→ **REQUIRED WORK**: Return the listing below verbatim. Pictures do not belong in the copy.

→ **SUPPLIED MATERIAL**:
== Segment start ==

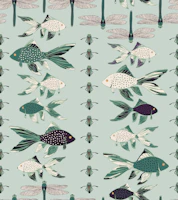 Cool Whimsical Fish Beetles and Dragonflies tapet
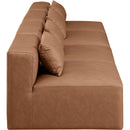  Manufacturer Color_Brown -- Cube 144" Brown Vegan Leather Upholstered 4 pc Armless Modular Sofa IMAGE 5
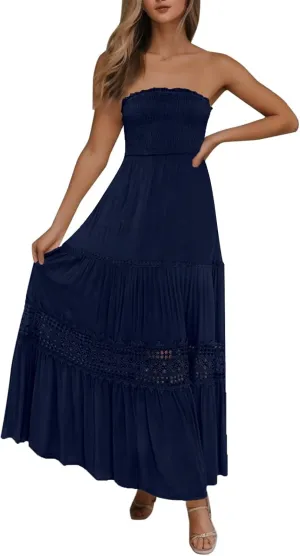 Tube Dresses For Women Maxi 2025 Summer Bohemian Strapless Sundress Off Shoulder Lace Trim Flowy A Line Beach Dress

== Segment end ==

→ **EXERCISE RESPONSE**:
 Cool Whimsical Fish Beetles and Dragonflies tapet
  Manufacturer Color_Brown -- Cube 144" Brown Vegan Leather Upholstered 4 pc Armless Modular Sofa IMAGE 5
 Tube Dresses For Women Maxi 2025 Summer Bohemian Strapless Sundress Off Shoulder Lace Trim Flowy A Line Beach Dress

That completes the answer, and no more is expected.